Obviously we're just dueling anecdotes here, but FWIW, I'm a US tech worker who bought a Tesla in 2022 and certainly never will again. I have four friends with Teslas in tech and all of them say the same thing: never again. Replacement cycles for cars are so long that this will take a while to fully show up in the data, but I don't see growth anywhere in their future, especially when BYD is eating their lunch in seemingly every non-US market.
Sure never again is totally fair and I am sure a lot of people hate it. I was mostly objecting to the radioactivity of it. Your friends will be more like “I am looking to sell my Tesla in 3 months” if it is truly radioactive.
Unfortunately, Tesla resale values have also plummeted, so even if people wanted to sell them desperately it may not be a financially sensible decision.
Personally, as a Tesla owner I'm concerned that if my car gets totalled I'll get pretty lowballed on the insurance settlement.

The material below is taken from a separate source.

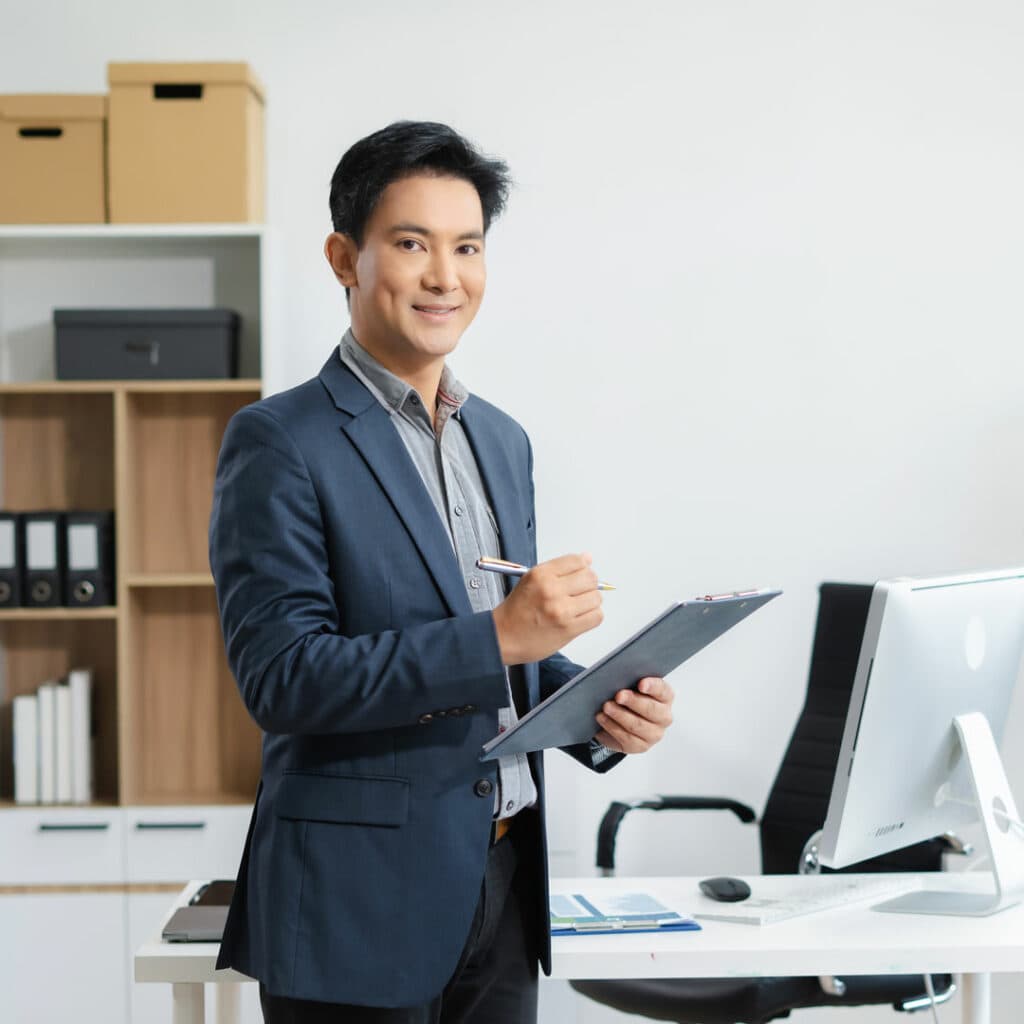 Professional businessman in office with clipboard and computer, representing business consulting and corporate services.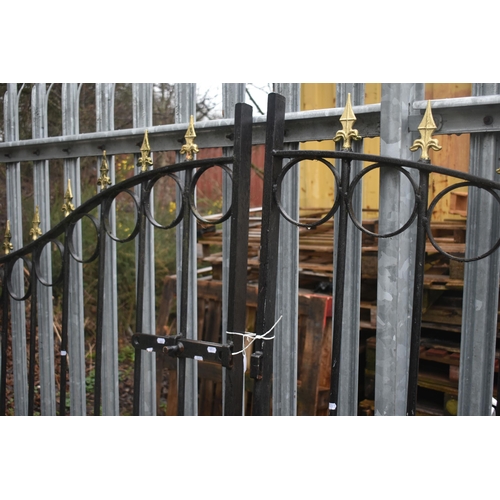 1003 - A PAIR OF WROUGHT IRON DRIVEWAY GATES, arched top, with gilt finials, overall width 454cm x each gat...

> Personally, as a Tesla owner I'm concerned that if my car gets totalled I'll get pretty lowballed on the insurance settlement.
The kinda obvious answer there is to use your insurance settlement to buy another highly-depreciated Tesla. Insurance settlements are intended to let you get a comparable replacement as determined by market value. (The alternative is that if your Tesla gets totalled, it's a get-out-of-jail-free card to get a non-Tesla.)